The MTA Arts & Design department, headed by Sandra Bloodworth, enlisted Chuck Close, Sarah Sze, Vik Muniz, and Jean Shin to each create work for one of the four new stations being completed. Though it may seem unusual for art to be such a major part of the new line, it actually hearkens back to the early days of the subway, when new stations were carefully embellished with mosaics and other artistic touches. (There’s actually more subway art than you probably realize.)

“Every public artwork was also an educational experience,” Cuomo said about the way public art used to function in the city during the heyday of public buildings, which ended with Governor Nelson Rockefeller. “A child that never walked into a museum or never walked into an art gallery, [if] they just walked around the streets of New York, they would be exposed to art and education and culture just by being in New York.

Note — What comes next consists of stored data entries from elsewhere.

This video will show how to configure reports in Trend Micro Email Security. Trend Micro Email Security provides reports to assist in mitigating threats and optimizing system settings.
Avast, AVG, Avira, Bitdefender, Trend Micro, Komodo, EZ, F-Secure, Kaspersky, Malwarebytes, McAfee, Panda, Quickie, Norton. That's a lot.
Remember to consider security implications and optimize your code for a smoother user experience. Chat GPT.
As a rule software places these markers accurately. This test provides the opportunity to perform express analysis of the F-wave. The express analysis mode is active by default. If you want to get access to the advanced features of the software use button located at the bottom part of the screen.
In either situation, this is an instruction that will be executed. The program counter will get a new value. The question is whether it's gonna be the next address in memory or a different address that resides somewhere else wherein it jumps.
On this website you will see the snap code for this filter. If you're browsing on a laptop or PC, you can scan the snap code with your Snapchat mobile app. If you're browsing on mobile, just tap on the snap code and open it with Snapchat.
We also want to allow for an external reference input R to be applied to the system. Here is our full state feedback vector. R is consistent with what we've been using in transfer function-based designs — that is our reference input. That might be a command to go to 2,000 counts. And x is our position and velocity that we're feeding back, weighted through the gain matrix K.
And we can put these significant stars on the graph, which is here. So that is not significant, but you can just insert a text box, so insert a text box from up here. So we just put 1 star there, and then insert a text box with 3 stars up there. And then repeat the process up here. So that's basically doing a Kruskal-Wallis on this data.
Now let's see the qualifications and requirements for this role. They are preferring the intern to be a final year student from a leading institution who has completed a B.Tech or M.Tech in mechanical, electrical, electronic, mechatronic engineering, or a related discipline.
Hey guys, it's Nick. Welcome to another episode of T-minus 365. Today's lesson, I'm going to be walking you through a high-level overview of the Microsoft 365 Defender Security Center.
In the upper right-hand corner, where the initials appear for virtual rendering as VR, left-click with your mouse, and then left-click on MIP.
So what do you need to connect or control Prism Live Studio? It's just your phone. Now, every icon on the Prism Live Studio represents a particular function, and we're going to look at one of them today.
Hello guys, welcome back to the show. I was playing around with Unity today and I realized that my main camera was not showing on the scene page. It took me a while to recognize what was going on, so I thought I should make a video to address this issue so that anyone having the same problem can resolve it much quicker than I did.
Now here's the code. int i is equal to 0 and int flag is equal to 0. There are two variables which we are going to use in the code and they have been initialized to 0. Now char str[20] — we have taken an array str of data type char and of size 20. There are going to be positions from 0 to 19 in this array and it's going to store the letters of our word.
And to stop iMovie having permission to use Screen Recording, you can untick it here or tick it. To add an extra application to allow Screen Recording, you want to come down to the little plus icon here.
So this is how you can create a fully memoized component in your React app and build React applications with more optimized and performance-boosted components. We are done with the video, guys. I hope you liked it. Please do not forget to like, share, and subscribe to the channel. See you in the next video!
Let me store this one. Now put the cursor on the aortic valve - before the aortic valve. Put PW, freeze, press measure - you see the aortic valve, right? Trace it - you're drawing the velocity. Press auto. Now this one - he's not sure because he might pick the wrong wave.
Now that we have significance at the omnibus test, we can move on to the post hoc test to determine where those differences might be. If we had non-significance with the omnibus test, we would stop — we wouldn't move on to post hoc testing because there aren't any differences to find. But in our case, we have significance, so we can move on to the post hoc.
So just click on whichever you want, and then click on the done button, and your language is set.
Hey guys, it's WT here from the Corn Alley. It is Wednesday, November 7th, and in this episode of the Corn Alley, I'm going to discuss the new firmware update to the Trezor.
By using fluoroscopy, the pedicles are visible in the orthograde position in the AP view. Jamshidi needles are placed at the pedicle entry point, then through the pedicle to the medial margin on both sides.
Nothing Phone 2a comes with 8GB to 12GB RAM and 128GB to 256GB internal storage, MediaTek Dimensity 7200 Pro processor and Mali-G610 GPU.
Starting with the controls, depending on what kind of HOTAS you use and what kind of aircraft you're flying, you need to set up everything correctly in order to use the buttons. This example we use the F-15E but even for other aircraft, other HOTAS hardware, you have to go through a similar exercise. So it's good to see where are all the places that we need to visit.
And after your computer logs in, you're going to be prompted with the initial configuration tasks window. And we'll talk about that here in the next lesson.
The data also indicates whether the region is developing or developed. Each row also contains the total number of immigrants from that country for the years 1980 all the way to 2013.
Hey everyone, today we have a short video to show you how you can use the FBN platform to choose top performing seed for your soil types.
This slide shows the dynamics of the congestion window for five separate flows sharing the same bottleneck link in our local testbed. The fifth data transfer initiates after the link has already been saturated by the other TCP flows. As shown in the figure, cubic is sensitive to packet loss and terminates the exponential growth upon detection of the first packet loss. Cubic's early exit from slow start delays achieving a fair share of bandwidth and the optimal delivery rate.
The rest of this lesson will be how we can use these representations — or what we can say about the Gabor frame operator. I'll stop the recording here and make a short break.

And that’d where New York came from and what made New York special.”

MTA chairman and CEO Thomas F. Prendergast concurred with Cuomo. “There’s no doubt that the launch of these new stations represents an historic expansion of the system,” said Prendergast in a statement. “But it also represents a major milestone in terms of culture—the work of these four incredibly talented artists will provide a source of enjoyment, inspiration and beauty to both customers and visitors for decades to come.”

At 96th Street, Sze, the 2013 US representative at the Venice Biennale, has created nearly 4,000 unique porcelain tiles for the station walls, which feature a 14,000 square-foot mosaic titled Blueprint for a Landscape. The artist has used a different shade of blue at each entrance, creating images of loose sheets of paper, scaffolding, foliage, and other familiar items, all seemingly caught up in a gust of wind signaling an approaching train.

Close brings his signature photo-based portraits to 86th Street, where his grid-based composition lend themselves perfectly to ceramic tile mosaics. The series, titled “Subway Portraits,” features such important cultural figures as Kara Walker, Philip Glass, Alex Katz, Lou Reed, and Close.

The 72nd Street works by Muniz are inspired by the experience of commuting, where New Yorkers of all stripes stand side-by-side on the platform waiting for the train. The work, titled Perfect Strangers, includes mosaics of three dozen characters.

For her piece Elevated at the 63rd Street station, Shin has drawn on the city’s history of public transit, creating ceramic tile, glass mosaic, and laminated glass designs based on archival photographs of the old elevated subway lines on Second and Third Avenues.

Altogether, the new subway art came with a price tag of $4.5 million. The new line cost $4.45 billion overall in a much larger $100 billion plan to redevelop the infrastructure of the MTA, according to Prendergast.

Another fine point of the press conference was when Cuomo remembered the value of public works in New York during his childhood.

“I was growing up in Queens,” he said, “and in Queens what we had was the Unisphere, the World’s Fair. And as a young boy from Queens that was special.”